(AP) NEW ORLEANS The engineers who designed the floodwalls that collapsed during Hurricane Katrina did not fully consider the porousness of the Louisiana soil or make other calculations that would have pointed to the need for stronger levees with deeper pilings and wider bases, researchers say.
At least one key scenario was ignored in the design, say the researchers, who are scheduled to report their findings at a congressional hearing Wednesday: the possibility that canal water might seep into the dirt on the dry side of the levees, thereby weakening the embankment holding up the floodwalls.
"I'd call it a design omission," said Robert Bea, a University of California at Berkeley civil engineering professor who took part in the study for the National Science Foundation.
The research team found other problems in the city's flood-control system, including evidence of poor maintenance and confusion over jurisdiction.
Bea also questioned the margin for error engineers used in their designs, saying the standards — which call for structures to be 30 percent stronger than the force they are meant to stop — date to the first half of the 1900s, when most levees were built to protect farmland, not major cities.

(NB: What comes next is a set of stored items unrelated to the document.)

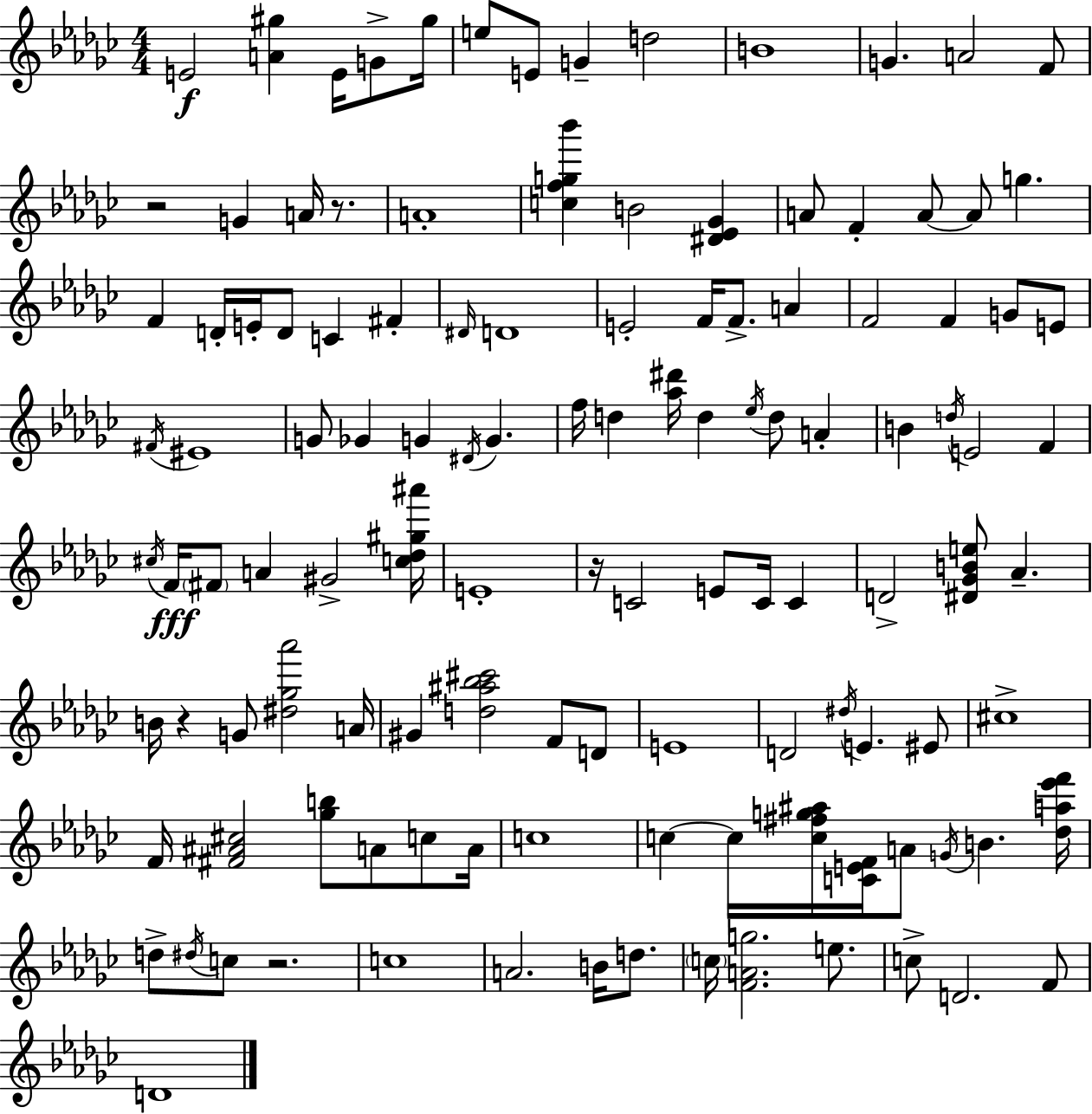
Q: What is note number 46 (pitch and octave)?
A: D5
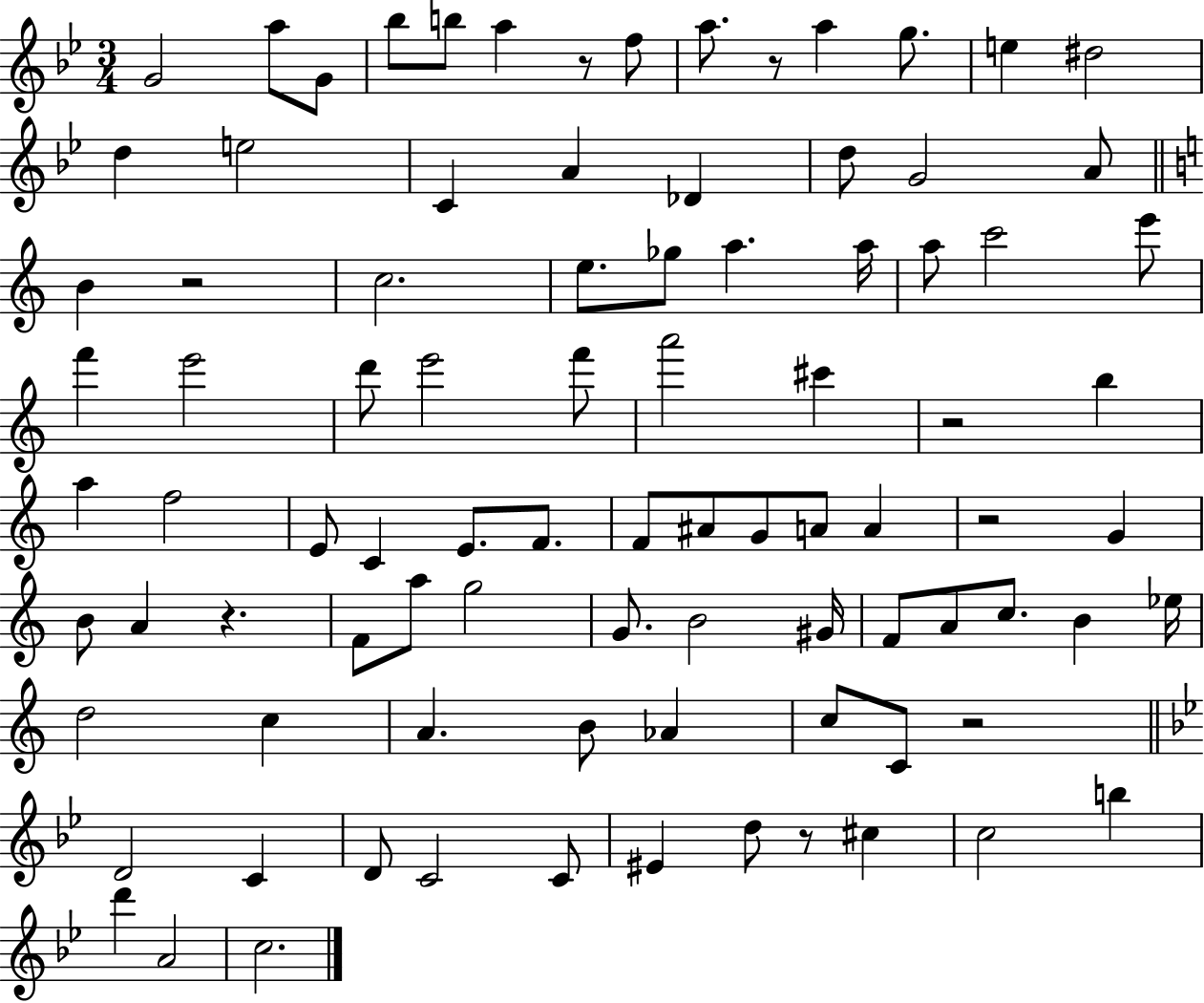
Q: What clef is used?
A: treble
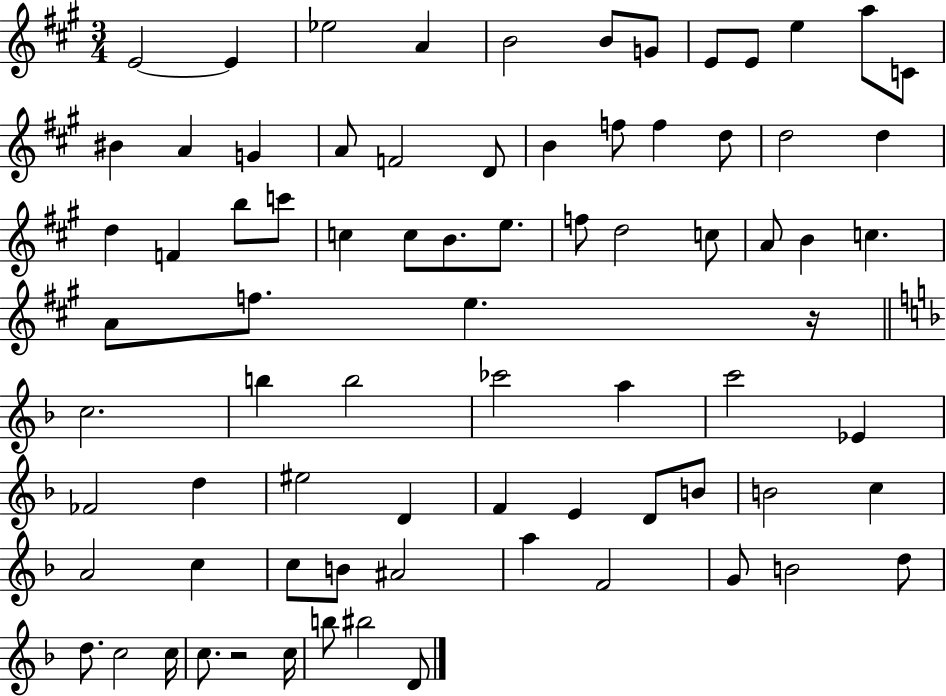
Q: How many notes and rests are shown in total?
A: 78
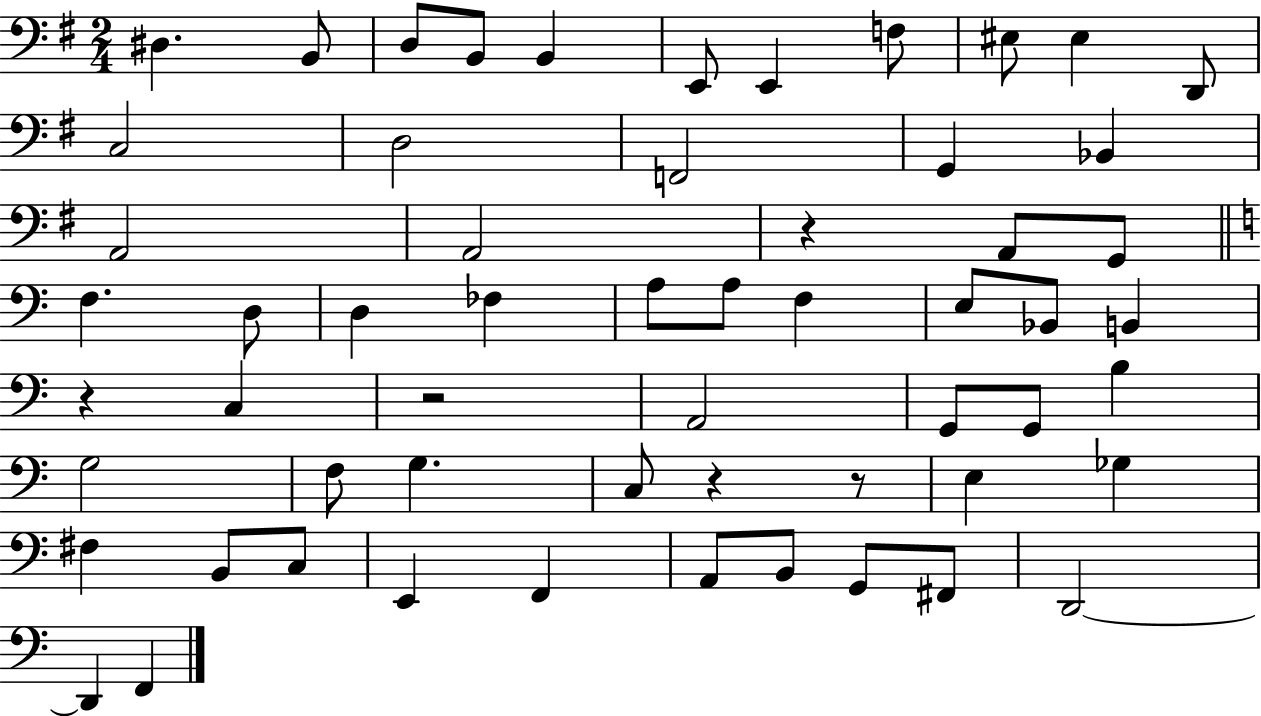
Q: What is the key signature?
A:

"The center of New Orleans is certainly not protection of farmland, so the factor of safety was incredibly low," Bea said. "We're talking about thousands of families without homes and shutting down a commercial infrastructure that's pretty darn important to the United States."
Folks, we have to understand that the purpose of levees is to protect river navigation and industry. The system isn't (nor has it ever been) concerned with the protection of homes and citizens lives in times of flood. If those were protected, it was accidental instead of intentional.